_Task requirements_
Retype the lines below exactly, from the one that contains "Sed image 6" through the last, and leave every picture out.

_The data_
..............................
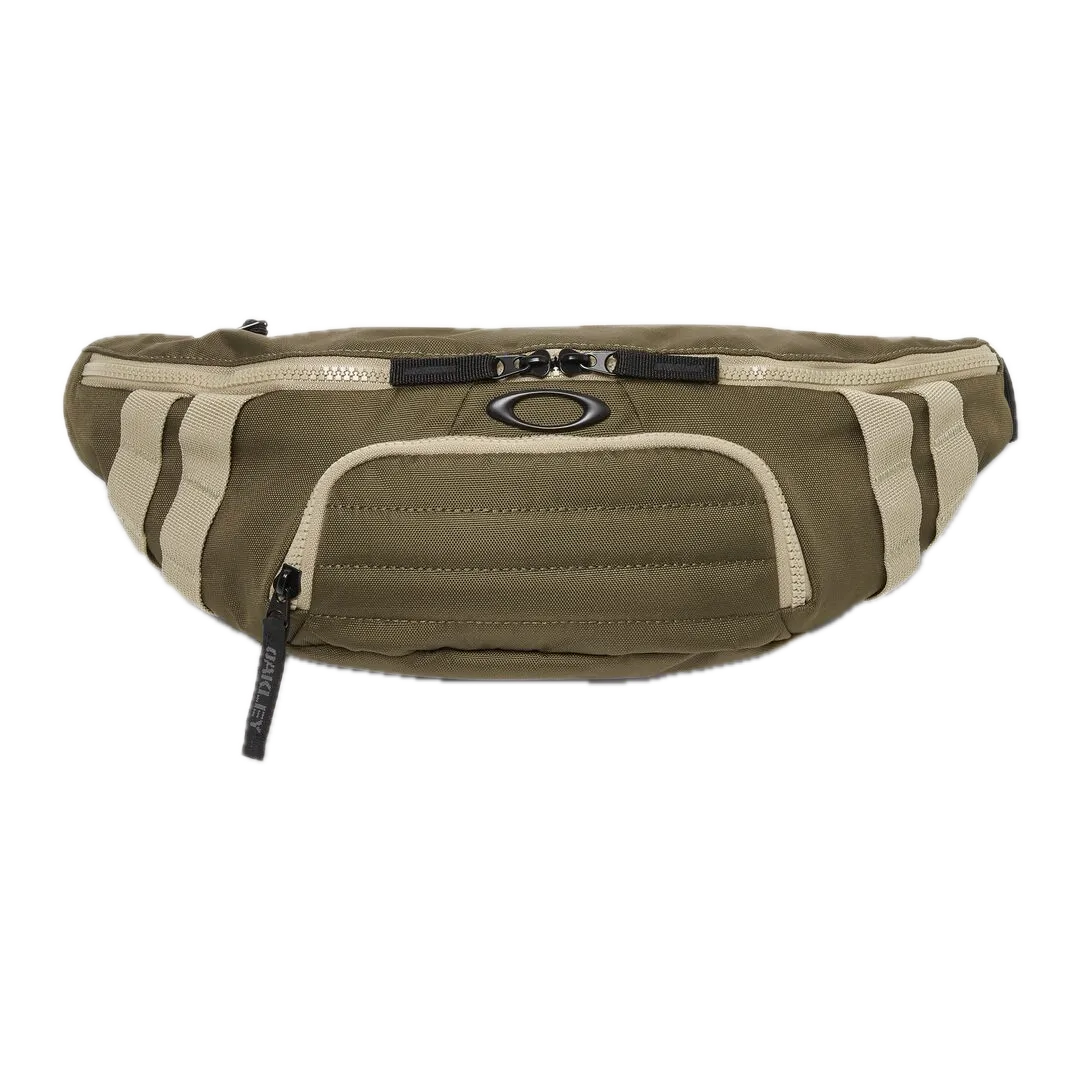 תיק מותן (פאוץ') אוקלי ירוק זית – OAKLEY ENDURO BELT BAG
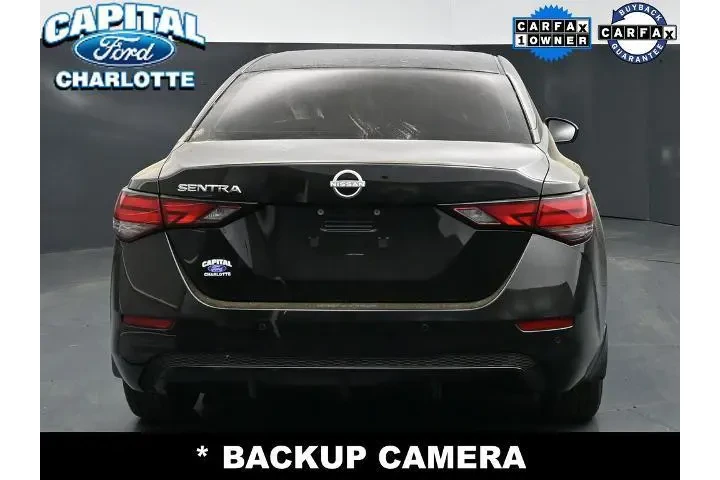 $16999 : Nissan Sentra 2024 S 4dr Sed image 6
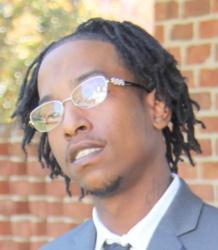 Antoine Dabney death by force case profile photo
..............................
_Problem solution_
 $16999 : Nissan Sentra 2024 S 4dr Sed image 6
 Antoine Dabney death by force case profile photo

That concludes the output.